WIESŁAW WESOŁOWSKI

Class 7
Zwierzyniec, 12 June 1946

My experiences from the period of occupation

It happened on Friday, 1 September 1939. At 6.00 a.m. the German planes arrived and bombed the gun powder factory in Jasło, where my daddy worked. A couple of hours later we went to the town, where we learned that the Germans had declared war on Poland.

On 3 September we went to Zwierzyniec, but while we were on our way there, between Rzeszów and Jarosław we encountered German planes, which were bombing trains and railway tracks. After three days of suffering and fear, we arrived in Zwierzyniec. For eight days we were running to the forest in Zwierzyniec, to hide from bullets and bombs. Then the Germans came to torment people. Groups of partisans gathered in the forests to stand up against the Germans. The occupier responded by setting up concentration camps and prisons. A concentration camp established in Zwierzyniec held about 13,000 people from Zwierzyniec and other towns.

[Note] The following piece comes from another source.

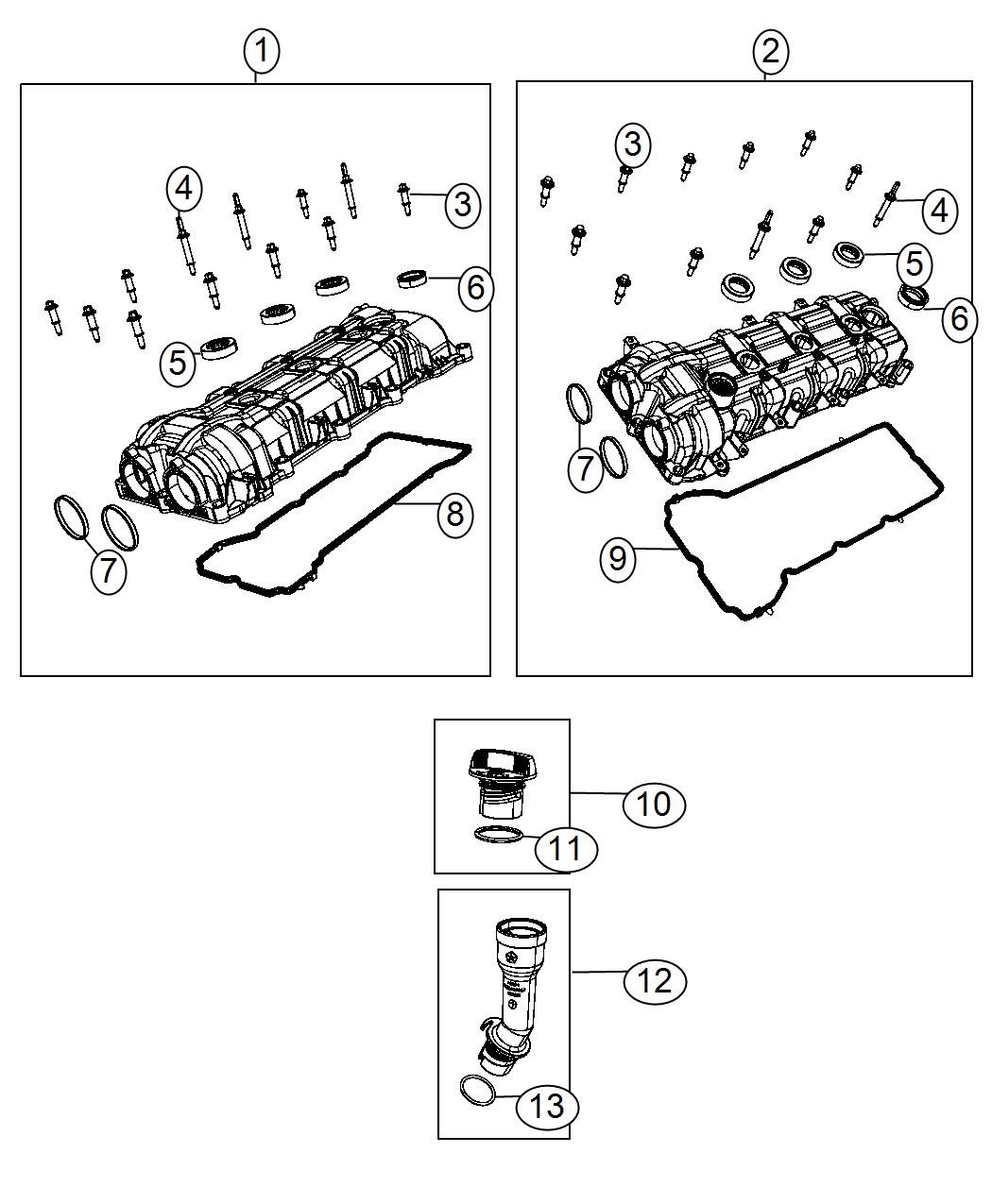 Diagram Cylinder Head Covers 3.6L. for your 2017 Chrysler 300 S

I remember 1 June 1942, when I saw several hundred corpses of people who had been killed by the Germans in Sochy. A few people who survived had no roof over their heads, because the whole village had been burned down.

For unknown reasons, the Germans burned down the village of Wywłoczka on 1 April 1942. They took the inhabitants to a camp, and later released some of them and sent the rest to Germany for labor.

It was a sad sight, when Jews were being escorted by the Germans and Ukrainians. The Jews were dying due to exhaustion and hunger, some were shot by the people who escorted them.

During the occupation I was several years old, so I was allowed to study, while other boys – those over the age of 14 – had to work hard and fear frequent round-ups, because they could have been deported to Germany.

From April to 21 June, the German troops were marching towards the Soviet border. On Sunday, 21 July, the Red Army came to Kosobudy with the Polish Thaddeus Kosciuszko units that liberated Poland.